The pressure of the air spring is controlled so as to correct the tilt of the vibration isolation table according to the compensation signal. Thus, the tilt of the vibration isolation table due to the movement of the XY stage can be suppressed.

Here, the position information of the XY stage is as follows.
It may be a detection signal of a laser interferometer that detects the position of the XY stage, or a target value of the position of the XY stage.

Since the amount of movement of the center of gravity of the structure supported by the air spring is proportional to the amount of movement of the XY stage, the feedforward compensator that compensates for the position information of the XY stage sets an appropriate gain. It consists of a proportional gain element. Further, in order to secure sufficient responsiveness to suppress the amount of tilt of the vibration isolation table 6, a phase advance compensation element is applied to the position information of the XY stage. by this,
Sufficient air spring pressure responsiveness can be ensured, and the tilt amount of the vibration isolation table can be suitably suppressed.

[0016]

DETAILED DESCRIPTION OF THE PREFERRED EMBODIMENTS An embodiment of a vibration isolator according to the present invention will be described in detail with reference to the drawings. FIG. 1 shows a configuration of an anti-vibration apparatus according to one embodiment of the present invention. The anti-vibration table 6 on which precision instruments such as the XY stage 7 are mounted is supported at four corners by floating from the installation floor by four legged air springs 1a, 1b, 1c and 1d. Each of the air springs 1a, 1b, 1c and 1d generates a thrust in the vertical direction. That is, the air springs 1a, 1
b, 1c, and 1d apply a vertical driving force to the vibration isolation table 6. The air springs 1a, 1b, 1c, and 1d are respectively provided with air valves 4a, 4b, 4c, and 4d for operating pressure.
Pressure sensors 5a, 5b, 5c, and 5d for detecting pressure are attached. Note that air springs 1c and 1d, air valves 4c and 4d, and pressure sensors 5c,
5d is not shown. Also, an acceleration sensor 2 described later
c, 2d and the displacement sensors 3c, 3d are also not shown.

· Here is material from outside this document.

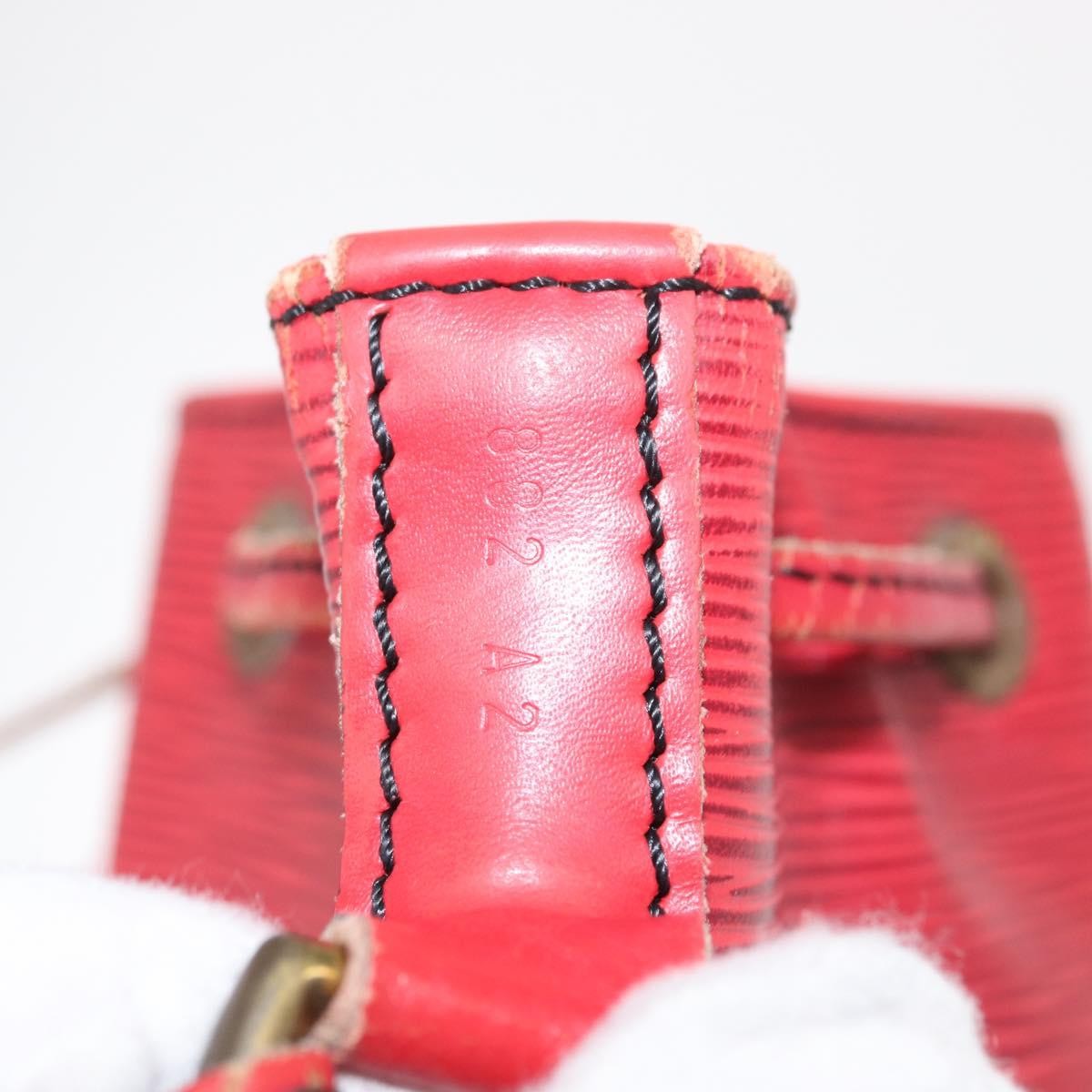 Louis Vuitton Noe Handbag Epi Leather Red Leather Shoulder Bag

The acceleration sensors 2a, 2b, 2c and 2d are attached to the vibration isolator 6 near the air springs labeled a, b, c and d, respectively. Is detected. In order to detect the vertical vibration of the vibration isolation table 6, usually, only three or more acceleration sensors are required. That is, one of the acceleration sensors 2a, 2b, 2c, and 2d can be omitted.

The displacement sensors 3a, 3b, 3c, 3d are a,
It is attached to the vibration isolation table 6 near the air springs denoted by b, c, and d, and detects the vertical displacement generated on the vibration isolation table 6. In order to detect the vertical displacement of the vibration isolation table 6, three or more displacement sensors are usually sufficient. That is, one of the displacement sensors 2a, 2b, 2c, and 2d can be omitted.

As shown in FIG. 2, the XY stage 7 is mounted on the vibration isolation table 6. The XY stage 7 is movable in the X and Y directions, and the position in each direction is detected by the laser interferometers 20X and 20Y. The laser interferometer 20X detects the position of the XY stage 7 in the X direction, and the laser interferometer 20Y detects the position of the XY stage 7 in the Y direction.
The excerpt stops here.